• Assigned task:
Exactly as written, retype the lines that run from the line holding "Tort bananowy - PRZEPIS" through the end of the records below. Do not include pictures.

Collection entries:
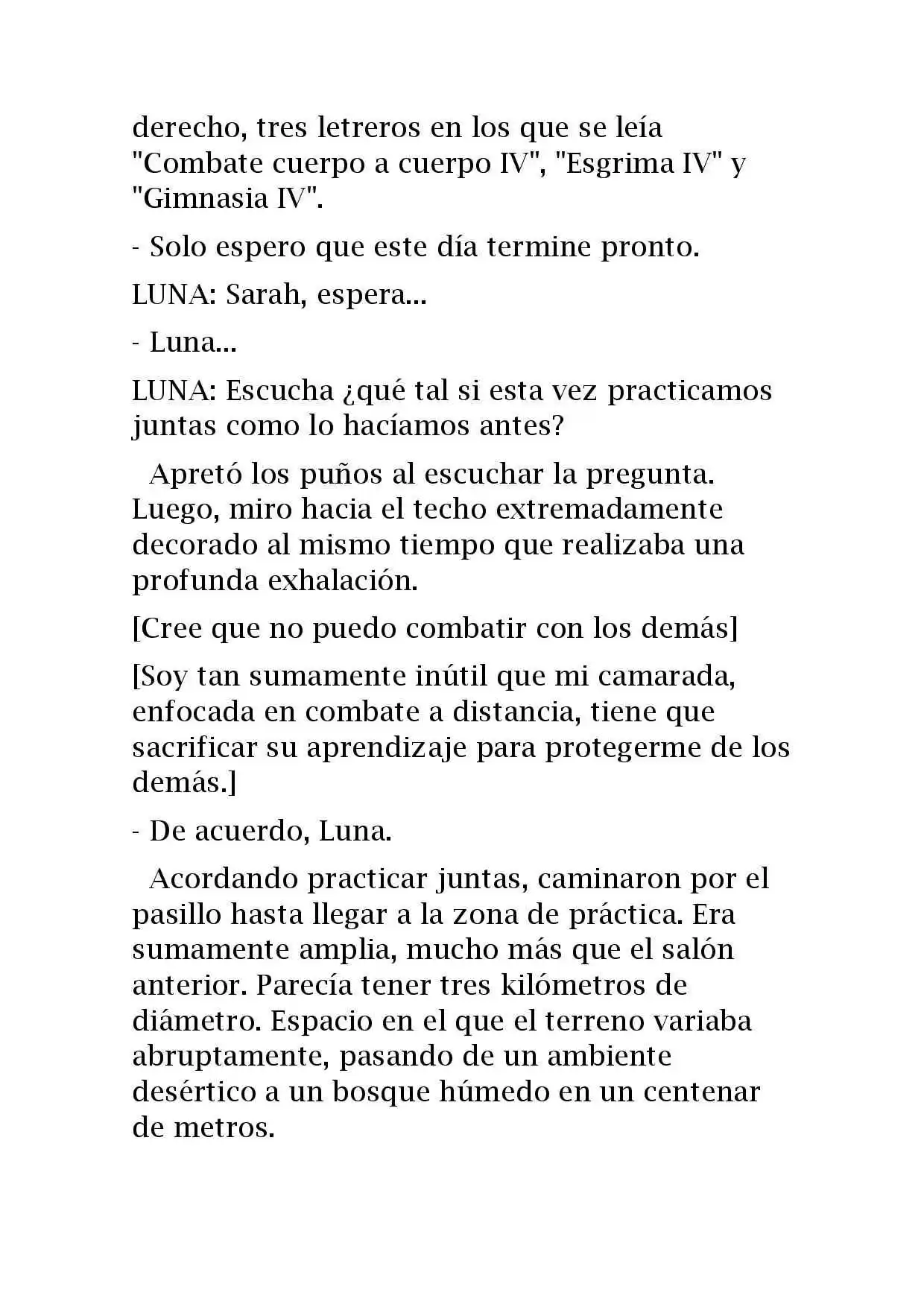 Ganger! (Novela) - Capítulo 14 - Página 4 - LectorTMOo
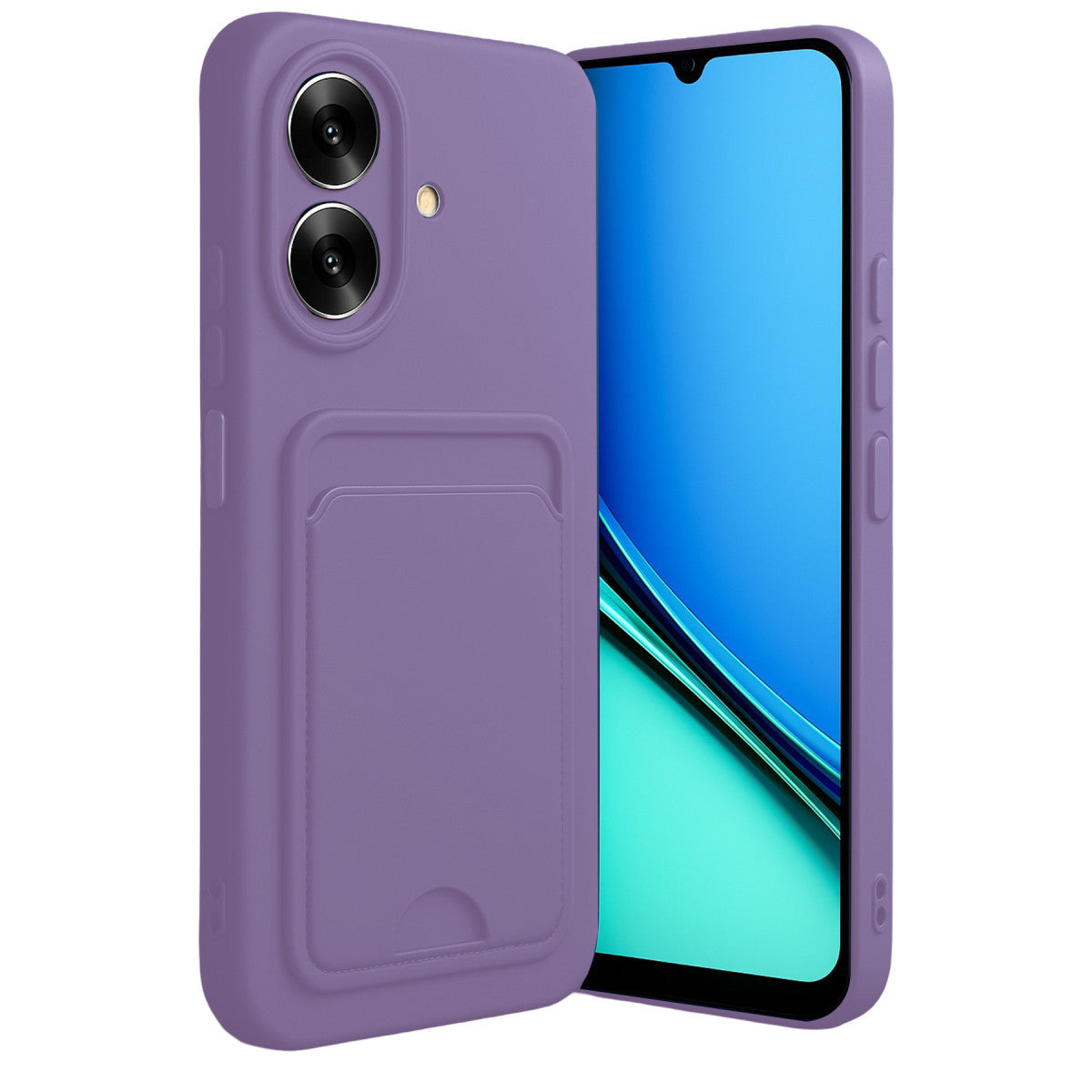 Newface Realme Note 60 Kelvin Kartvizitli Silikon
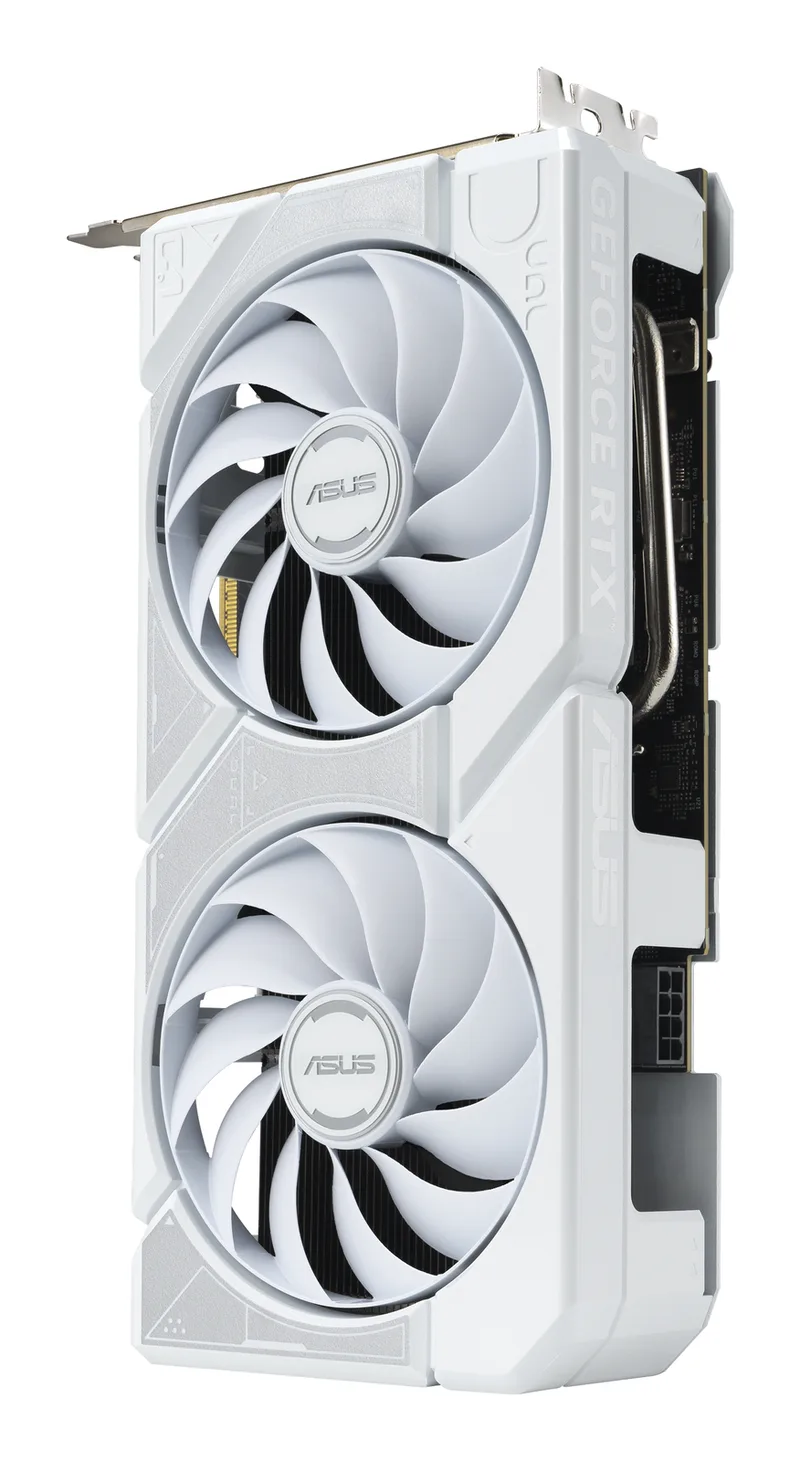 Dual GeForce RTX 5060 Ti 16GB White OC Edition - Videokaart by ASUS – cover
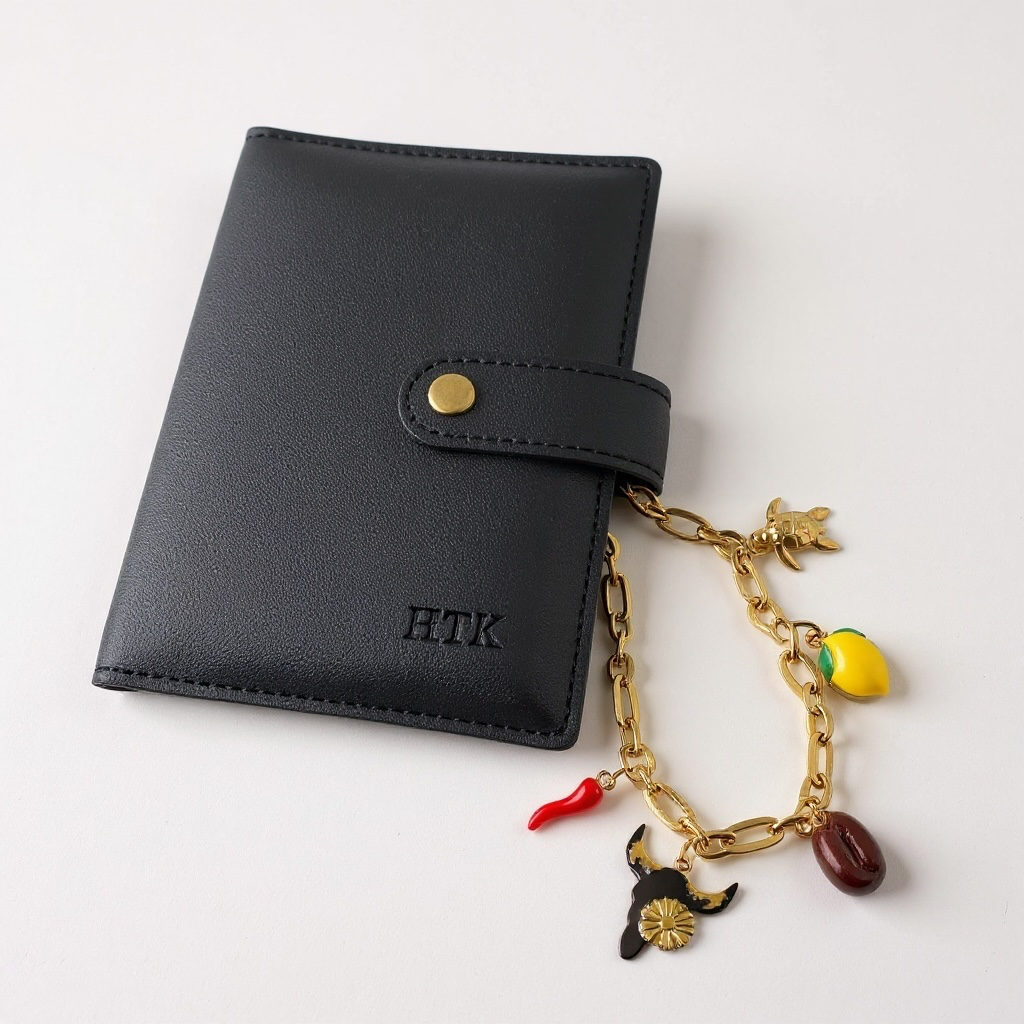 POCHETTE PASSEPORT PERSONNALISÉ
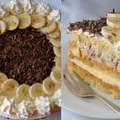 Tort bananowy - PRZEPIS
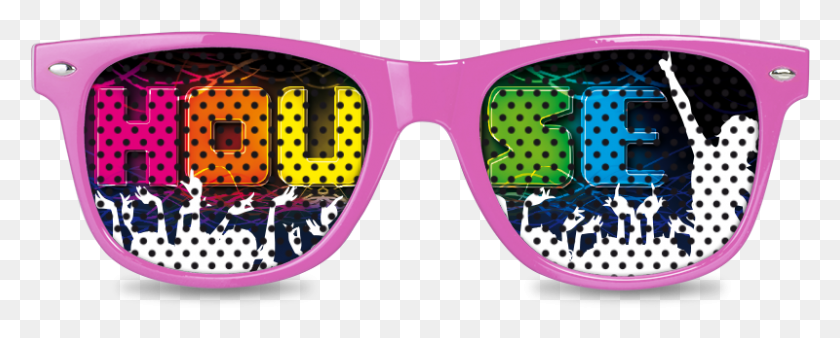 800x286 House Music, Glasses, Accessories, Accessory HD PNG Download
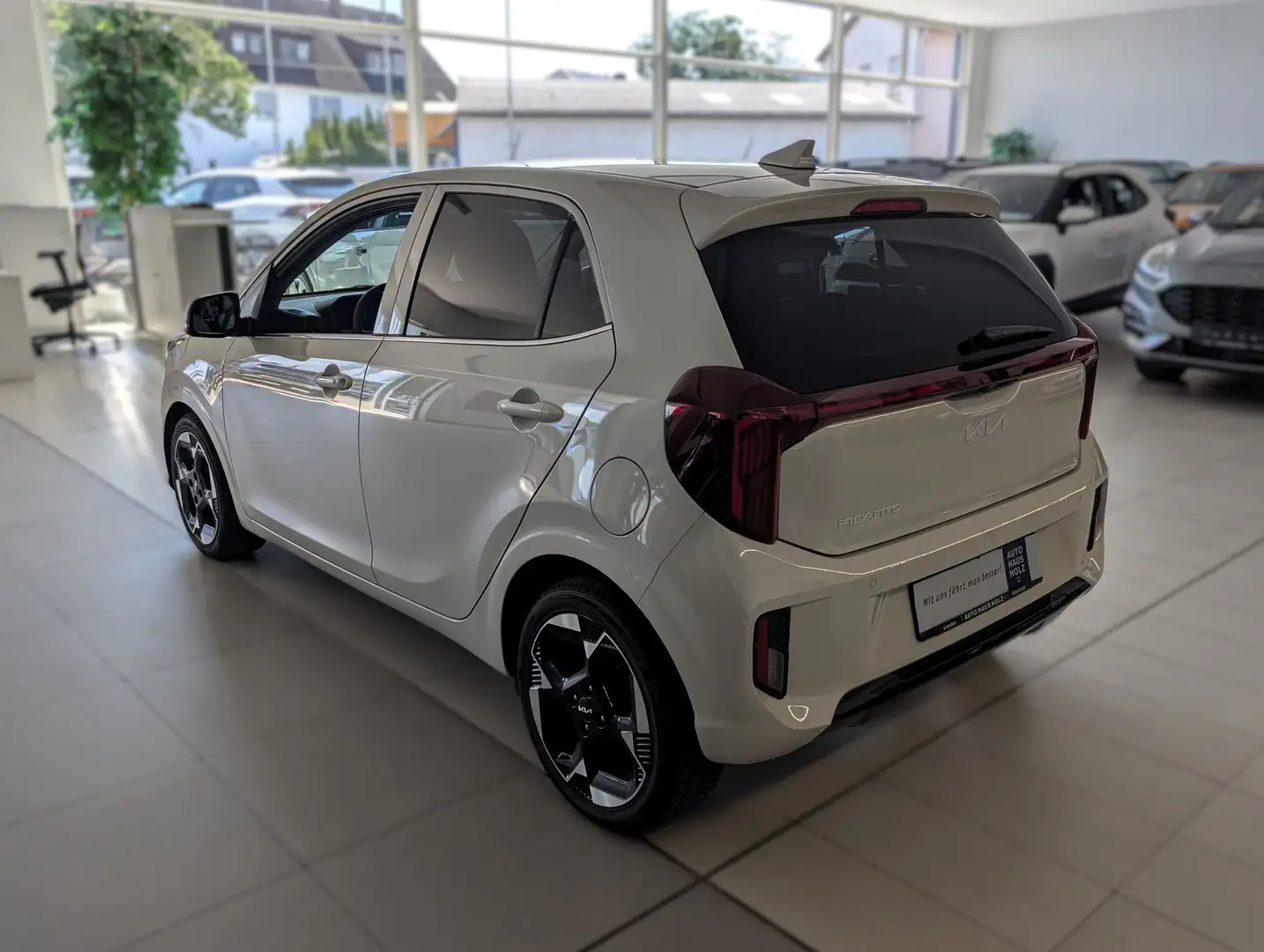 Kia Picanto 1.2 AMT Spirit Launch Edition Kamera LED Beige - 2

• Your solution:
 Tort bananowy - PRZEPIS
 800x286 House Music, Glasses, Accessories, Accessory HD PNG Download
 Kia Picanto 1.2 AMT Spirit Launch Edition Kamera LED Beige - 2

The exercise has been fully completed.